Academic journal article Transnational Literature

The Mountain

Academic journal article Transnational Literature

The Mountain

Article excerpt

Drusilla Modjeska, The Mountain (Vintage Books, 2011)

In his 1956 poem titled 'New Guinea', James McCauley wrote about a

Bird-shaped island, with secretive bird voices,

Land of apocalypse where the earth descends,

The mountains speak, the doors of the spirit open,

And men are shaken by obscure trances.

Drusilla Modjeska's first work of fiction has a New Guinean mountain speaking to its characters, both the indigenous peoples, who live under its majestic shape, and the Western characters, who are enchanted by its beauty and the mystique of the rich culture of those indigenous peoples whose lands they visit.

Papua-New Guinea is our closest neighbour to the north, yet for most Australians (yours truly included) it remains a mystery, a mostly unknown land that was a colonial dominion until its independence in 1975. While the Kokoda trail keeps drawing thousands of Australian trekkers every year, mainstream Australia is largely uninformed about the rest of the country and its peoples.

The Mountain begins with a brief prologue that brings the reader to a restaurant opposite the Sydney Opera House in the year 2005. Jericho, who 'first came down from the mountain to Rika, barely five years old', is meeting Martha, his 'other mother', for lunch.
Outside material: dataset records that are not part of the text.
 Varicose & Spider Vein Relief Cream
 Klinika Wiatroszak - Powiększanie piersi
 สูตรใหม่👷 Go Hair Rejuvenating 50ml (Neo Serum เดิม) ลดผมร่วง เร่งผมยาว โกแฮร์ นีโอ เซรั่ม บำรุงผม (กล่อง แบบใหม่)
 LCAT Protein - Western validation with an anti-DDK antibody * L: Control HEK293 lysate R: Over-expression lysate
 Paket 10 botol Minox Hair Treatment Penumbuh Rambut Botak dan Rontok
We are told that Rika and Martha, who used to be best friends, 'like sisters', haven't spoken to each other for thirty years (2). Thus, the omniscient narrator introduces the history of the conflict between the two women. This is one of the subplots of the novel, and it is certainly a gripping one.

Jericho wants to know what happened thirty years before, but Martha appears to be evasive: 'Her heart feels tight. There's a part of her that wants to say to Jericho, Let us bear the burden of the past, it should not be yours' (4). Thus, the mystery of what caused the conflict between the two Western women is from the beginning interspersed with another (unavoidable?) conflict, that between the Western view of the world and the indigenous view embodied by the Mountain people.
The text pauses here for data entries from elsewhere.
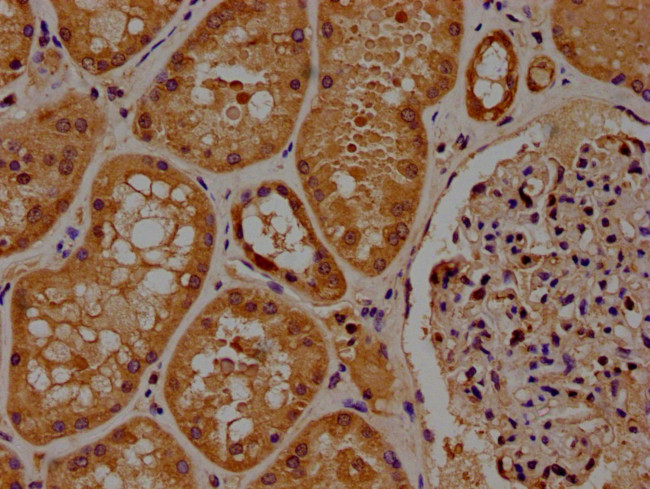 PPM1J Antibody in Immunohistochemistry (Paraffin) (IHC (P))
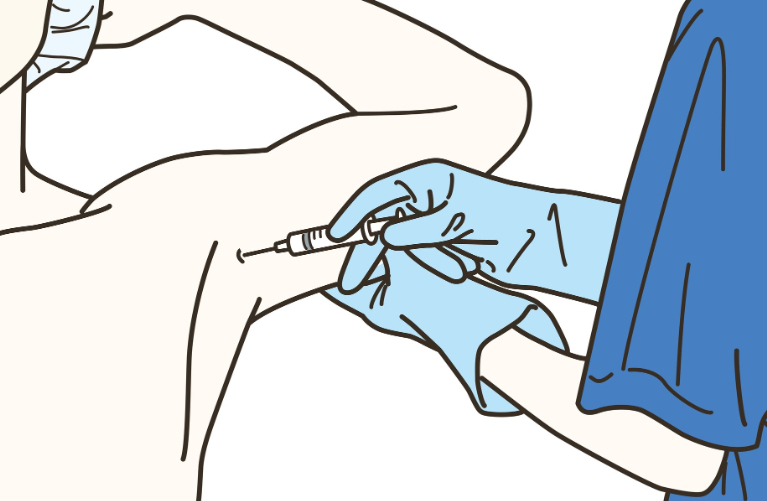 保険適用で「わき汗のボトックス治療」が受けられます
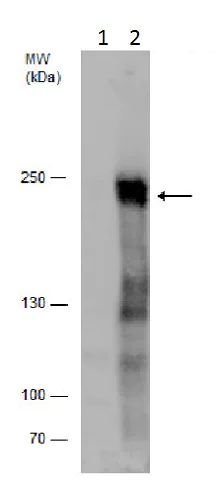 Western blot - Anti-CAMTA1 antibody (AB227713)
Photographer Rika arrives in Port Moresby, the young wife of British anthropologist Leonard, somewhat older than her. Something she may not have been aware she had is almost immediately awoken by the place and its peoples, and that something is further stirred after she meets Aaron, a brilliant local academic recently returned from Australia. When Leonard goes to the highlands to film the tribes, Rika stays in Port Moresby, where she befriends Aaron and his 'clan-brother', Jacob (22). As Leonard remains in the highlands, a powerful and meaningful relationship develops between Aaron and her, which is tested when Aaron is bashed by racist bigots.
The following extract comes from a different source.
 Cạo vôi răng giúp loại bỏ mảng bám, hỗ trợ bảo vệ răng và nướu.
Modjeska's novel connects many complex issues in a free-flowing narrative around the lives of a group of people who witnessed the end of colonial rule and the beginning of a country's struggles to become truly independent. The background is solidly portrayed: the reader can feel the many tensions that characterise postcolonial societies, like the friction between the resistance (and the reluctance) of the traditional to give up its preponderance on the one hand, and the observable need for modernisation demanded by the younger generations on the other.

This tug-of-war between the needs of the collective and the individual aspirations becomes a major focus in Modjeska's narrative in the central part of the novel. These tensions, the ebbing and flowing of Rika's personal expectations against the exigencies that the birth of the young nation will demand from Aaron are successfully reflected not only in the two central characters, Aaron and Rika, but also in their interactions with the numerous secondary ones. …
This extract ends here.